Slowdown with StaticArrays and broadcasting

I’ve been trying to use the master branch of StaticArrays and Julia 1.0.1. My code works fine with the normal Arrays, but when I use SArrays, there’s a noticeable slowdown.

Are there still some open issues with StaticArrays on 1.0? Particularly regarding broadcasting?

Here’s my attempt at a minimal example.

using StaticArrays
using BenchmarkTools

function foo(x, dt, f1, f2, f3, f4, f5, f6, f7)
    b1 = 0.09646076681806523
    b2 = 0.01
    b3 = 0.4798896504144996
    b4 = 1.379008574103742
    b5 = -3.290069515436081
    b6 = 2.324710524099774
    b7 = 0

    xn = @. x + dt * (b1*f1 + b2*f2 + b3*f3 + b4*f4 + b5*f5 + b6*f6 + b7*f7)

    xn
end

x = @SVector(rand(3))
f1 = @SVector(rand(3))
f2 = @SVector(rand(3))
f3 = @SVector(rand(3))
f4 = @SVector(rand(3))
f5 = @SVector(rand(3))
f6 = @SVector(rand(3))
f7 = @SVector(rand(3))
@btime foo($x, 1e-5, $f1, $f2, $f3, $f4, $f5, $f6, $f7)

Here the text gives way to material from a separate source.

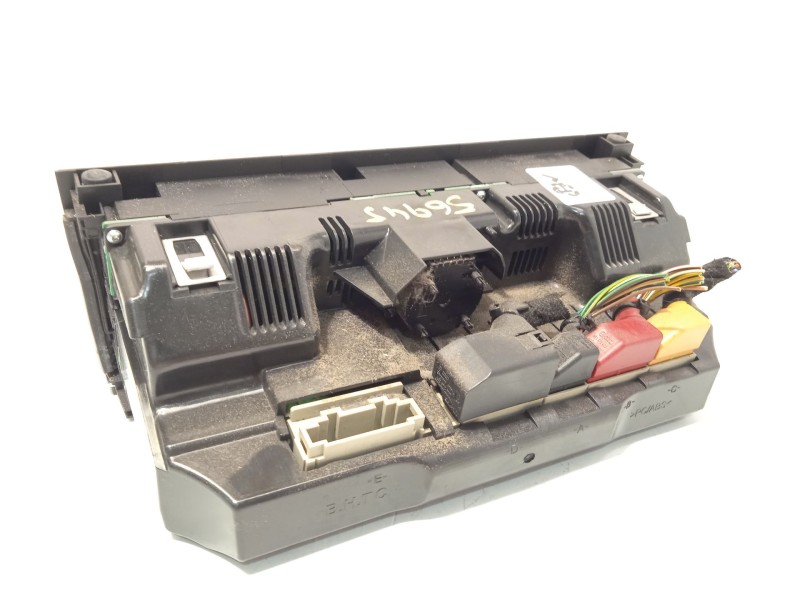 Recambio de mando climatizador para audi q7 (4lb) 3.0 tdi quattro referencia OEM IAM 4L0820043E 4L0820043EWET 5HB009184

Without broadcasting (removing the @.), I get:

  15.837 ns (0 allocations: 0 bytes)

With broadcasting, I get:

  14.477 μs (427 allocations: 21.33 KiB)

It seems some inference limit is getting reached,

   xn = x .+ dt * (b1*f1 .+ b2*f2 .+ b3*f3 .+ b4*f4)

works ok but

 xn = x .+ dt * (b1*f1 .+ b2*f2 .+ b3*f3 .+ b4*f4 .+ b5*f5)

allocates

Is there anything I can do about it? Or is there something StaticArrays can do about it?

Just remove the @.?

Sure, but I was hoping that this particular bit of code could be used for any AbstractVector… So in the general case I think I need to use broadcasting.

In addition to the difference in run time, there also seems to be something going on with StaticArrays and broadcasting causing large compilation times. It is somewhat noticeable with the example above. The function that I really notice it with has about 10 broadcasted equations of the size above.